| Task instructions |
The response should repeat word for word every line below from the one with "Section 18 BNS" to the one with "Libro: The Best", inclusive, and nothing else; leave pictures out.

| Information |
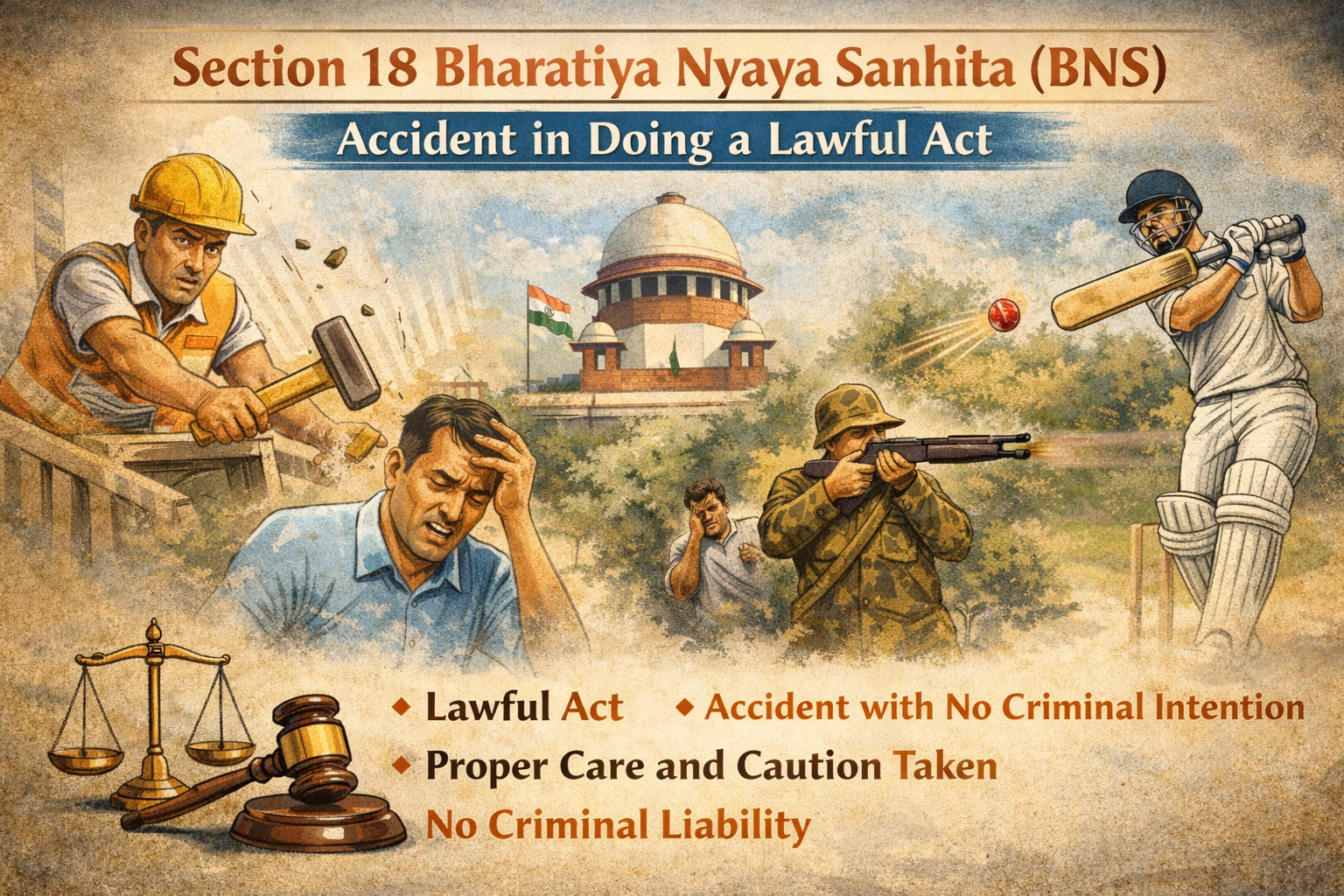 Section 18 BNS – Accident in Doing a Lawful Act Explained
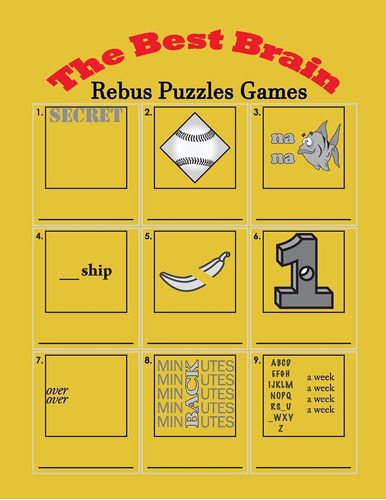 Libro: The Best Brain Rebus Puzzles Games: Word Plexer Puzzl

* * *

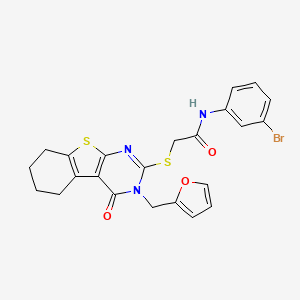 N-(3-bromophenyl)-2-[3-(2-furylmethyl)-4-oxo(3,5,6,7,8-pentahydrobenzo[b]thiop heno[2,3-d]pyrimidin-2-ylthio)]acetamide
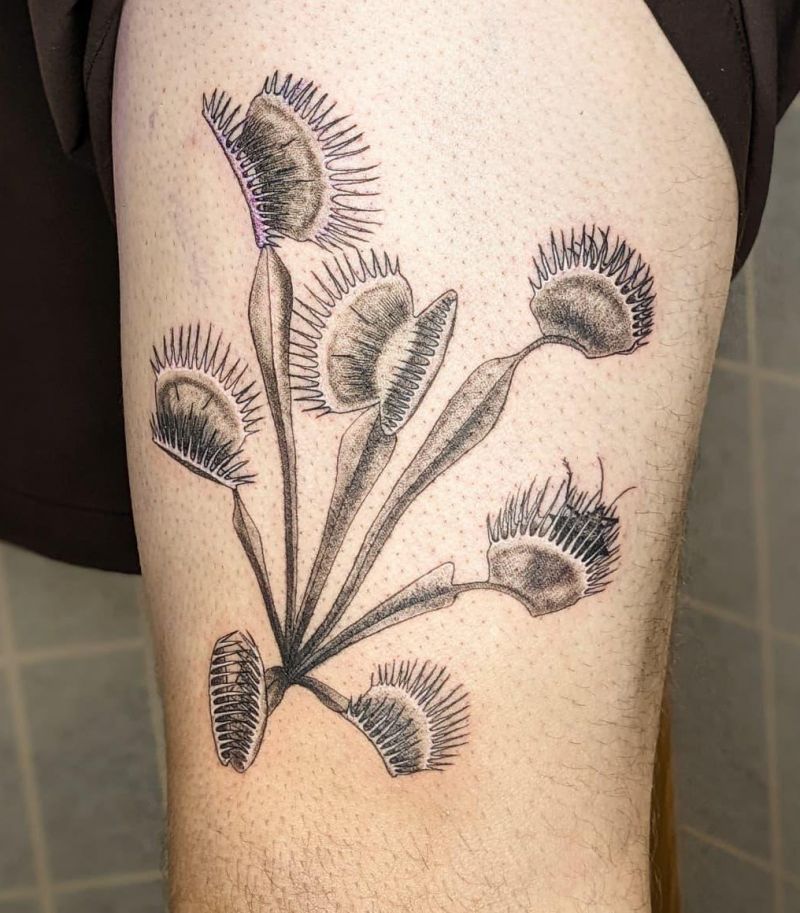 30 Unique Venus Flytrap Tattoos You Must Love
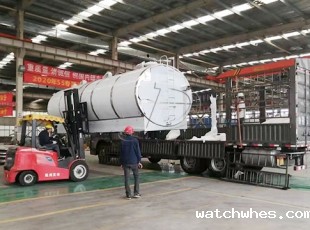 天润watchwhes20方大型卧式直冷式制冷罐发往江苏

---

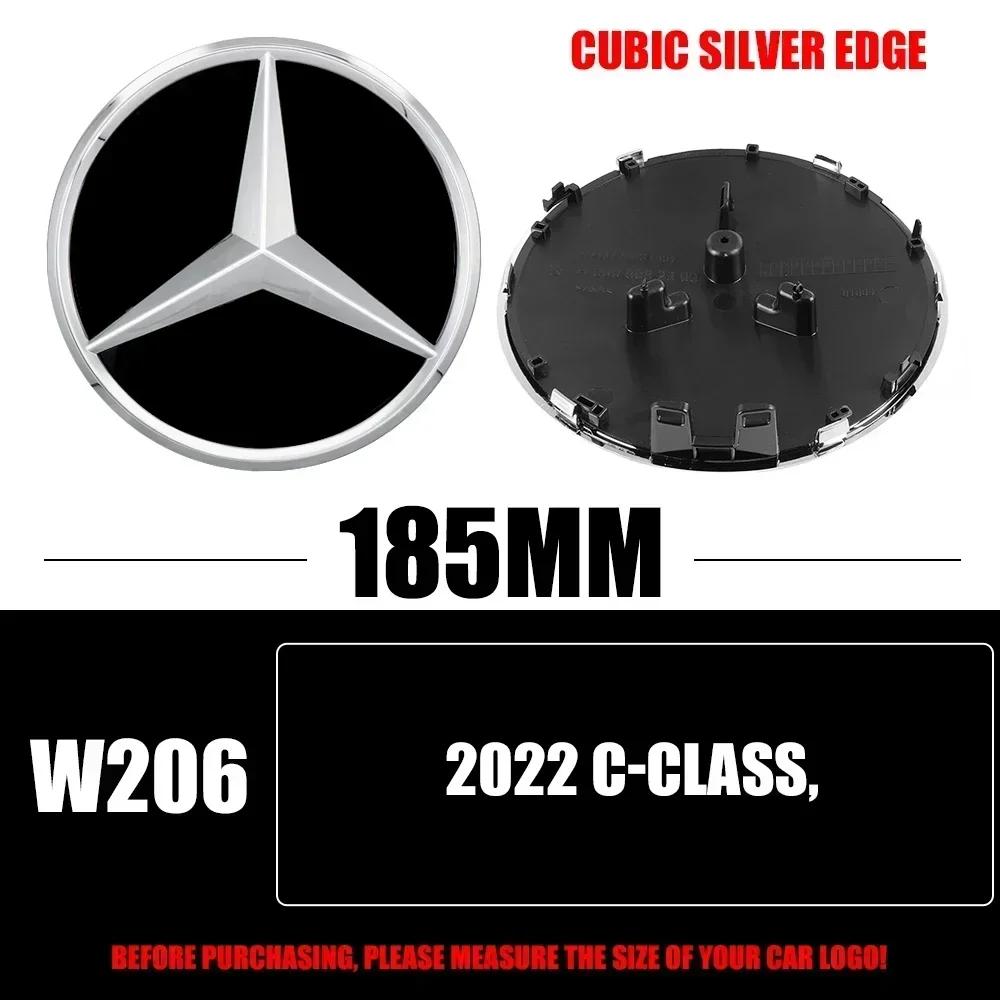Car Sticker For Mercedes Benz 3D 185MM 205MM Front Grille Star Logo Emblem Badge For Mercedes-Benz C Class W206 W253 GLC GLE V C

| Result of this exercise |
 Section 18 BNS – Accident in Doing a Lawful Act Explained
 Libro: The Best Brain Rebus Puzzles Games: Word Plexer Puzzl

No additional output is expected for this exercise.